Babylonisch debatover Irakverklaring
Een Babylonische spraakverwarring. Zo typeerde SGP’er Van der Staaij gisteren de woordenstrijd in de coalitie over de eerste reactie van premier Balkenende op het rapport van de commissie-Davids. Een bloemlezing van andere quotes uit het nachtelijke debat over de nadere verklaring van de minister-president.
„Ik vind dat we, voordat we naar bed gaan, moeten weten of we nog een kabinet hebben. Anders kan ik heel moeilijk slapen hoor. Ik zal niet zeggen of dat van teleurstelling is of van opwinding.” (SP’er Kant)„Op de eerste vergaderdag van het nieuwe jaar is de eerste de beste bananenschil aangegrepen om over uit te glijden. En dat terwijl CU-fractievoorzitter Slob het kabinet juist een hechte samenwerking heeft toegewenst.” (Van der Staaij)
„Over het volkenrechtelijk mandaat voor de inval in Irak wordt verschillend gedacht door de coalitiepartijen. ’t Is een gevoelig onderwerp. De discussie daarover gaat soms van au.” (CDA-fractievoorzitter Van Geel)
„Na de eerste verklaring van Balkenende is bij mij het beeld ontstaan dat delen van rapport-Davids werden weggezet als meningen. Dat vond ik niet chic en onterecht.” (PvdA-fractievoorzitter Hamer)
„Goed dat er nu een nieuw standpunt van het kabinet ligt. De verklaring van gisteren laat ik voor wat die is.” (Hamer)
„Ik neem niets terug van wat ik heb gezegd.” (Balkenende)

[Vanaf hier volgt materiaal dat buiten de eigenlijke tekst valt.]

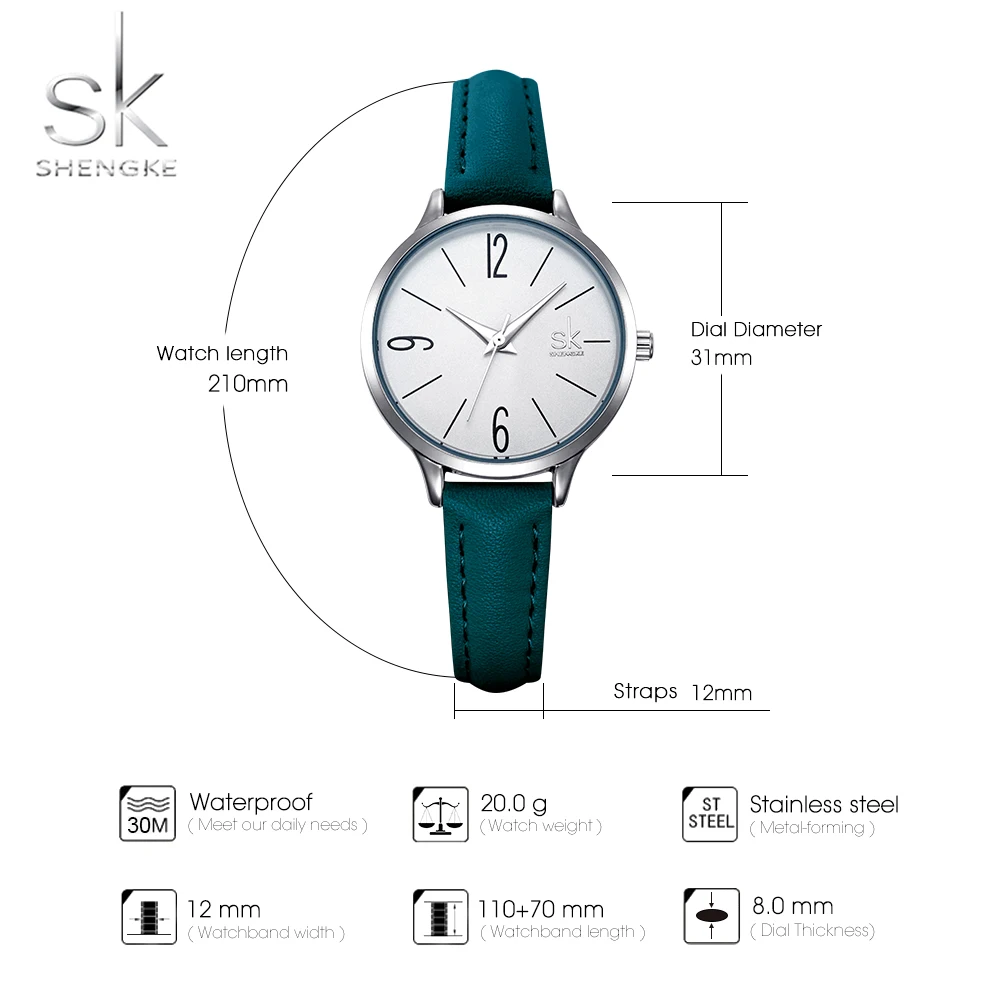 Shengke new watch women Casual Leather Female's Watches Girl Wristwatches Japanese Quartz Clock Relogio Feminino Reloj Mujer images - 6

„Negeren is vooruitzien. Dat lijkt het nieuwe motte van onze minister-president.” (PvdD-fractievoorzitter Thieme)
„De verwarring die dinsdag is ontstaan, leert ook ons een les. Kennelijk is het zorgvuldig door ons aangebrachte onderscheid tussen het toenmalige en het huidige kabinet niet geland.” (Vicepremier Bos)

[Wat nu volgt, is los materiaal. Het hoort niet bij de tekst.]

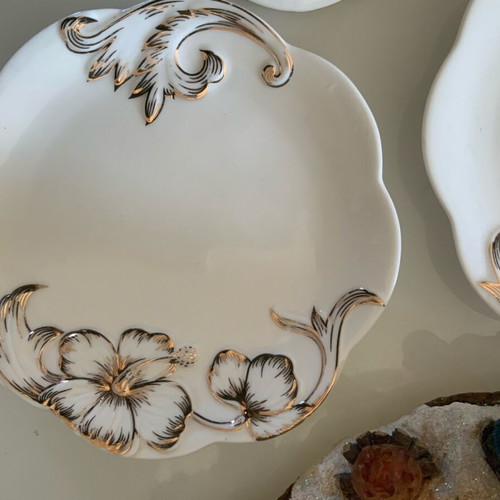 Oriana Ferelli Fine Porcelain 24K set of 6 plates new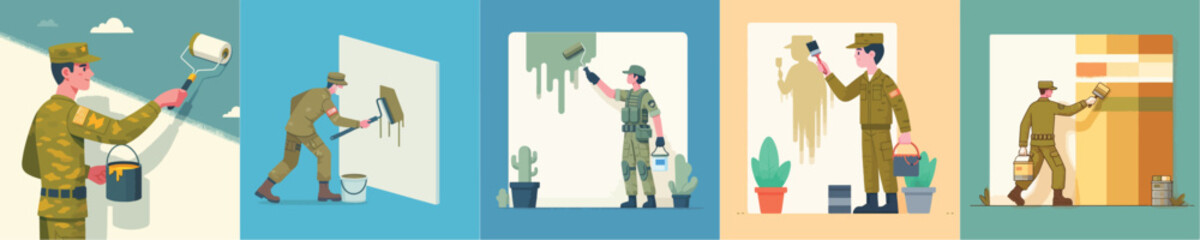soldier character vector is painting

„Onderscheid maken tussen de premier van 2002 en die van 2010 is absurd. Er is maar één minister-president. Staatsrechtelijk gezien, en in dit geval ook in persoon.” (GroenLinksfractievoorzitter Halsema)
„Met de kennis van nu aanvaardt het kabinet dat voor een optreden als dat tegen Irak een adequater volkenrechtelijk mandaat nodig zou zijn geweest.” (Balkenende in Kamerbrief)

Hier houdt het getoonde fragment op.